Brianaria


Brianaria is a lichen genus in the family Psoraceae. It was circumscribed in 2014 by Stefan Ekman and Måns Svensson to contain four closely related species formerly in the Micarea sylvicola group.

Taxonomy

Brianaria was introduced in 2014 to accommodate the long-recognised "Micarea sylvicola group", whose species proved—by DNA analyses and shared anatomical traits—to fall outside Micarea in the strict sense. The authors recombined four former Micarea species as Brianaria. The genus name honours Brian [John Coppins] for his work on crustose lichens. In phylogenetic studies Brianaria forms a single, well-supported lineage within the family Psoraceae and is probably the sister group to Psora and Protoblastenia, rather than part of the Pilocarpaceae where Micarea sits.
The separation of the genera rests on clear diagnostic.

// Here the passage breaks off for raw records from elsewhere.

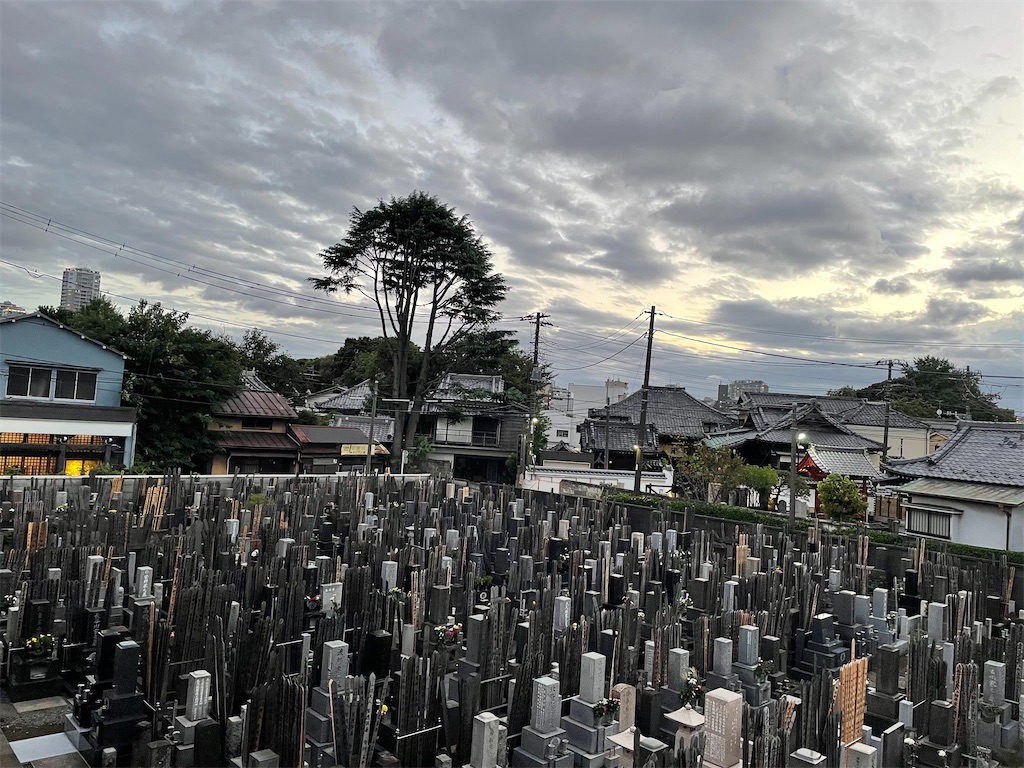 f:id:TokuheiKumagai:20240923193928j:image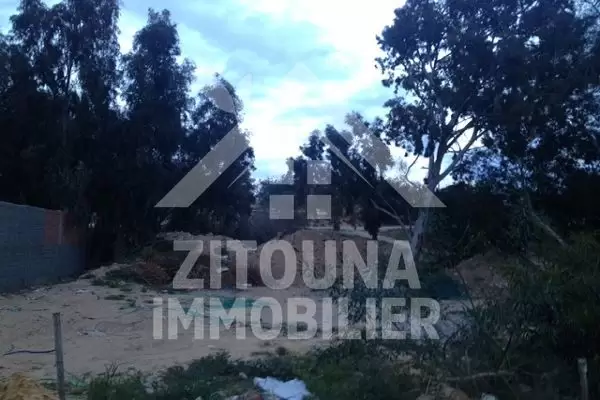 A vendre un beau terrain à Hammamet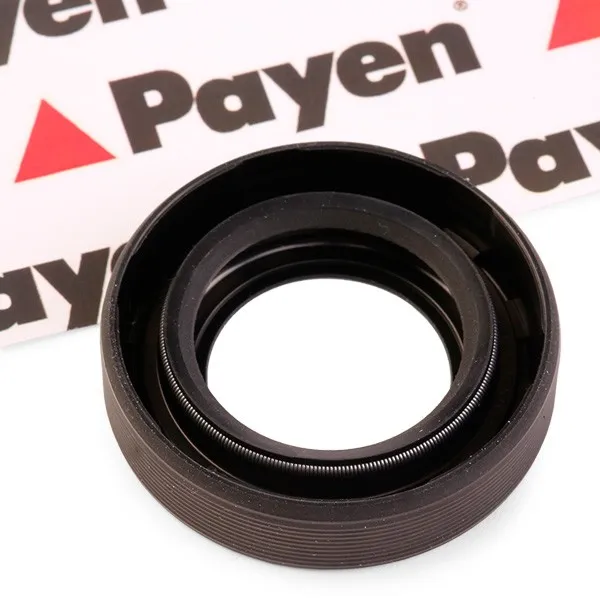 Oljetätningsring för differential PAYEN NA5204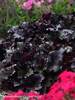 Heuchera Black Pearl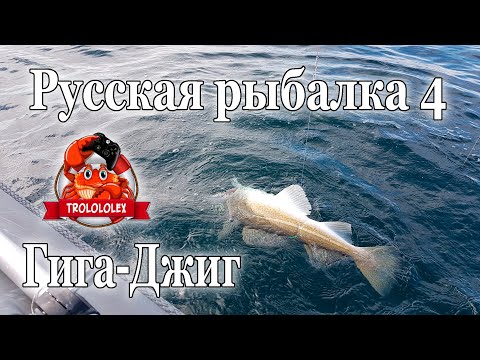Видео: Русская рыбалка 4 Тест тайги на ГИГАДЖИГ!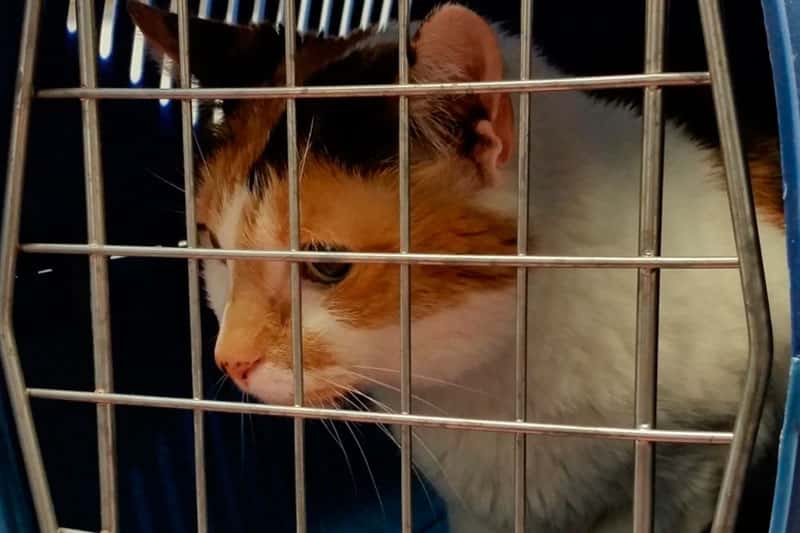 Как узнать, вывелись ли глисты у кошки? Когда можно быть уверенным в результате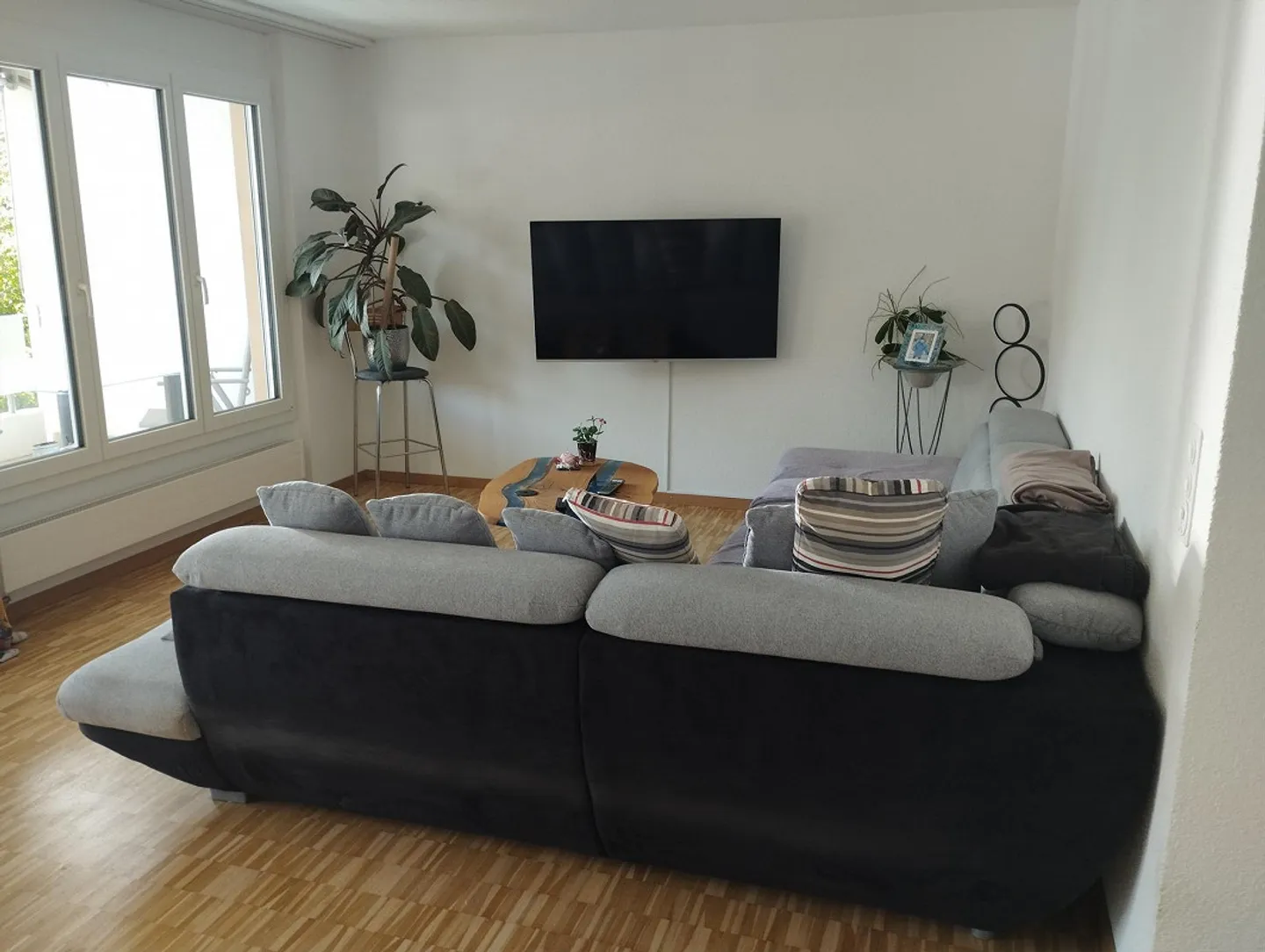3 1/2 Room Apartment with Large Balcony - Photo 5 of 11
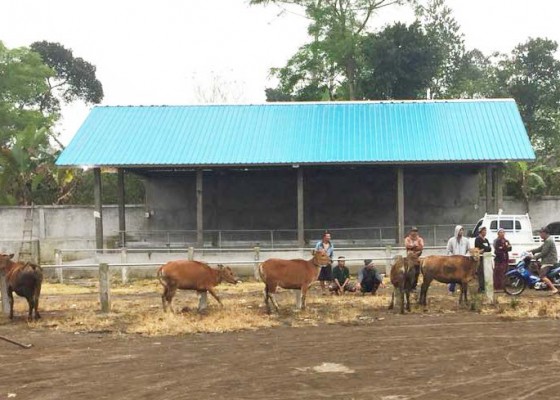 Nusabali.com - desa-sekaan-bangun-pasar-hewan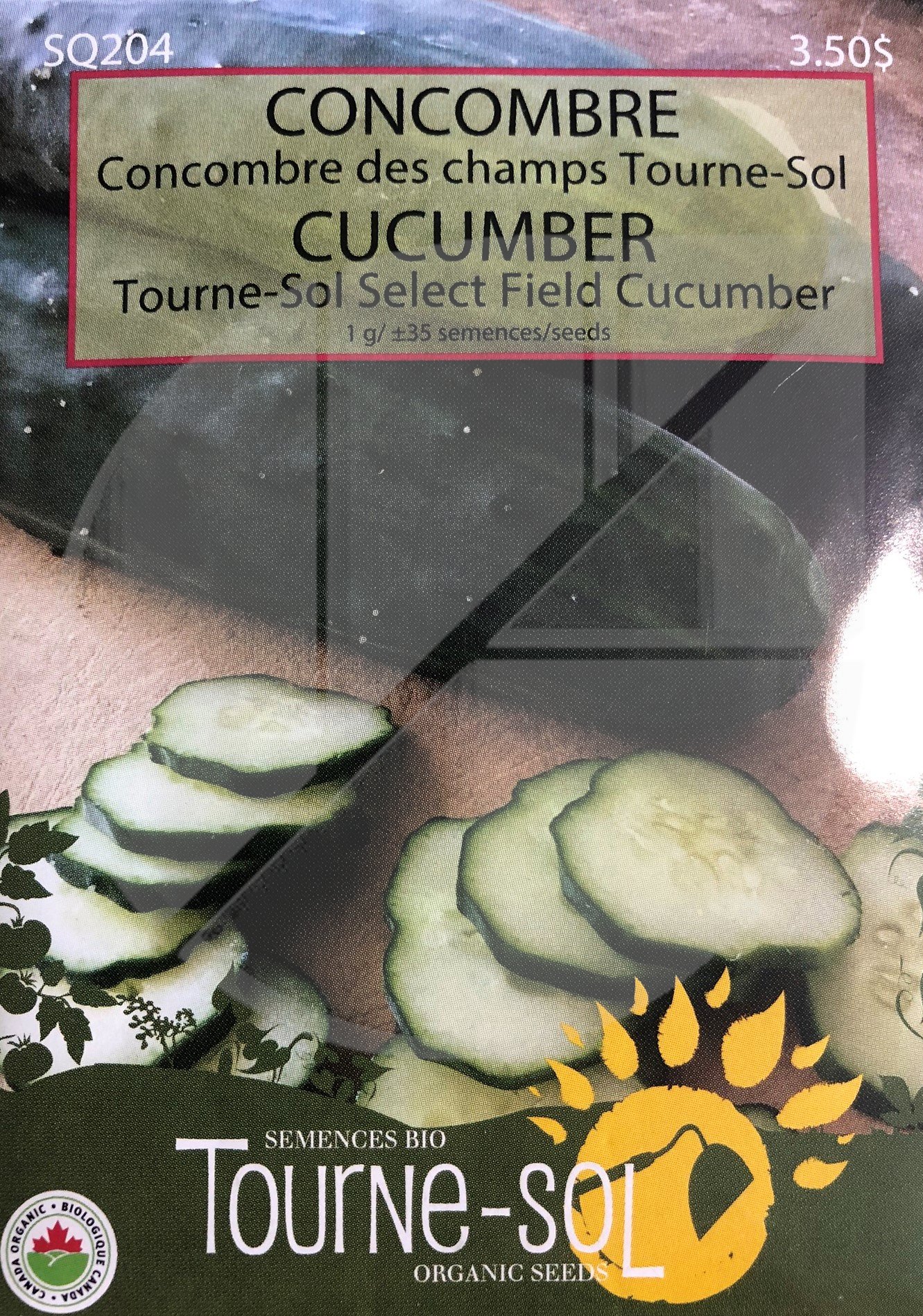 Concombre 'Concombre des Champs Tourne-Sol' / 'Tourne-Sol Select Field  Cucumber' Cucumber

Brianaria has a green-algal partner that is not the type typical of Micarea; its tiny, convex fruiting discs lack a distinct rim ; the spore sacs are of the Psora-type with a broad, dark "tube" that widens towards the tip; the accessory filaments in the hymenium occur in two forms ; the sexual spores are 0–1-septate; and the asexual reproductive structures are sunk in the thallus and produce short, rod-shaped conidia. Taken together, these features set Brianaria apart from Micarea in the strict sense, from Psora, and from Protoblastenia.
Nomenclaturally, the type species traces back to Lecidea sylvicola, validated by Gustav Wilhelm Körber in 1855, later placed in Micarea, and finally transferred to Brianaria when the genus was erected.

Description

Characteristics of the genus Brianaria include the small, convex apothecia that lack an excipulum; an ascus of the "Psora"-type; 0–1-septate ascospores, dimorphic paraphyses, and immersed pycnidia that contain bacilliform conidia. The photobiont is chlorococcoid, and non-micareoid.